Speaking to the German daily newspaper Die Welt, Waszczykowski started off cordially enough, describing Poland's relations with Germany as "very good overall."
"This applies to political, economic and military issues," the minister explained. "Our annual trade turnover amounts to nearly €100 billion." Furthermore, Waszczykowski noted that Germany's deployment of troops to Poland in the framework of the NATO effort to beef up its presence in Eastern Europe showed that Berlin was "making an important contribution to deterrence," against Russia, presumably.
However, taking off his diplomatic hat, the foreign minister called German cooperation with Russia on the Nord Stream II pipeline project "selfish," and suggested that the pipeline violates not only Poland's interests, but those of other Eastern European countries as well. "The Nord Stream project is a political project that has nothing to do with economic interests," the minister said.
For its part, Moscow has consistently described Nord Stream II as just the opposite – an economic project to deliver Russian gas to Western European customers directly, thereby bypassing unstable, unreliable or unfriendly governments in Eastern Europe.
Waszczykowski expressed a different view, suggesting that Nord Stream II would "given give Russia a tool to blackmail Poland, Ukraine and, in the end, Western European governments on energy questions. The pipeline hurts European solidarity and only strengthens Gazprom's monopoly in Europe."
Moving on, Waszczykowski attacked the German-French concept of a 'multi-speed' Europe, supported by both German Chancellor Angela Merkal and recently-elected French President Emmanuel Macron.
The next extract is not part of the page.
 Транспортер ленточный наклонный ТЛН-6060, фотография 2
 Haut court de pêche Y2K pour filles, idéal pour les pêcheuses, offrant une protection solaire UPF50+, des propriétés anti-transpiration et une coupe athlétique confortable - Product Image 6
The minister warned that "this concept would end in disaster" and emphasized that Warsaw rejects the idea.
The minister added further that if the EU begins the process of creating its own political structures, such as an EU finance ministry or a common budget, it would split the EU. "This is very dangerous. This could mean the end of the European Union."
Observers have warned that 'multi-speed' EU, officially described as a concept where different countries engage in integration at different levels, could see countries like Poland and Hungary being sidelined in future decision-making processes. Both countries are presently at loggerheads with Brussels on several issues, from energy security, to environmental issues, to collective responsibility for refugees and migrants.
In Poland's case, the European Commission has also demanded that Poland renege on recent legal reforms, including reforms to the country's constitutional court. Brussels has launched an investigation into whether the rule of law is threatened in Poland.
Asked to comment, Waszczykowski complained that it was "illegal to treat Poland this way," adding that the changes to the work of the Constitutional Court, and the composition of judicial posts, were actually made by the previous government. Accordingly, Brussels is showing "double standards" toward the current government in its assessment of the situation, according to the diplomat.
Asked whether the European Commission might take the next step and actually move to strip Poland of its voting rights, as it has threatened to do, the diplomat said that this was "pure speculation," and that "under the [EU] Treaty, the Commission does not have the right to initiate such a procedure."